To review: Federal and state officials have been investigating whether BofA violated various disclosure laws in the merger, especially in the bank's alleged failure to disclose that Merrill would be paying up to $5.8 billion in bonuses. (The bank has denied wrongdoing.) The bank initially declined to answer specific questions about its knowledge of Merrill's books, claiming that to do so would violate attorney-client privilege, according to court documents filed by the Securities and Exchange Commission. Federal and state officials pressured BofA to waive attorney-client privilege, and the bank eventually agreed to do so last month. As we've reported, the bank intended the waiver to be limited. It would apply only to the SEC's case against it in federal court in New York and to pending investigations from New York Attorney General Andrew Cuomo and a congressional committee. The protective order explaining the waiver explicitly said that plaintiffs lawyers suing BofA would not automatically gain access to whatever privileged documents BofA turned over to the SEC and Cuomo; the privilege waiver didn't extend to other cases, the order said.

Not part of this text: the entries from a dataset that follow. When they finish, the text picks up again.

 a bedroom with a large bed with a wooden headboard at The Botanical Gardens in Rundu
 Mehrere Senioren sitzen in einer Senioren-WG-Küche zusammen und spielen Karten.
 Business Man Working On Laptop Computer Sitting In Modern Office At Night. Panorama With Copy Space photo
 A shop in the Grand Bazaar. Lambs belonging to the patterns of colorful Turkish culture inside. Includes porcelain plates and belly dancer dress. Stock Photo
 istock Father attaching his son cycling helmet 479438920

But there are serious questions about whether BofA and its counsel at Cleary Gottlieb Steen & Hamilton crafted the waiver correctly, and whether plaintiffs firms would use the opening to go after privileged documents in their own cases against BofA.

And now one group of firms has done so. The firms headlining the massive stockholder derivative lawsuit against BofA in the Chancery Court in Delaware have asked -- and received -- permission to subpoena documents from Wachtell and Cleary and depose top executives, including John Thain, according to New York state court records. (The firm leading the charge -- Horwitz, Horwitz & Paradis -- is based in New York and needed to get permission from its home state court -- and that of Thain -- in order to carry out the depositions and the subpoenas, according to a source familiar with the matter.)

And the firms want everything. The application explaining the scope of the subpoenas states simply that plaintiffs want Wachtell and Cleary to turn over "all documents concerning the merger."

Michael Schwartz, the Horwitz lawyer leading the firm's team on the case, declined to comment about whether he expected Wachtell (and Cleary) to fight the subpoena or whether the plaintiffs lawyers made the sweeping request in part because of BofA's privilege waiver in the government cases. Pamela Tikellis, name partner at Chimicles & Tikellis, another lead plaintiffs firm in the Delaware case, did not return messages seeking comment. Lawrence Portnoy, a Davis Polk & Wardwell partner representing BofA in the Chancery Court litigation, also did not return our calls.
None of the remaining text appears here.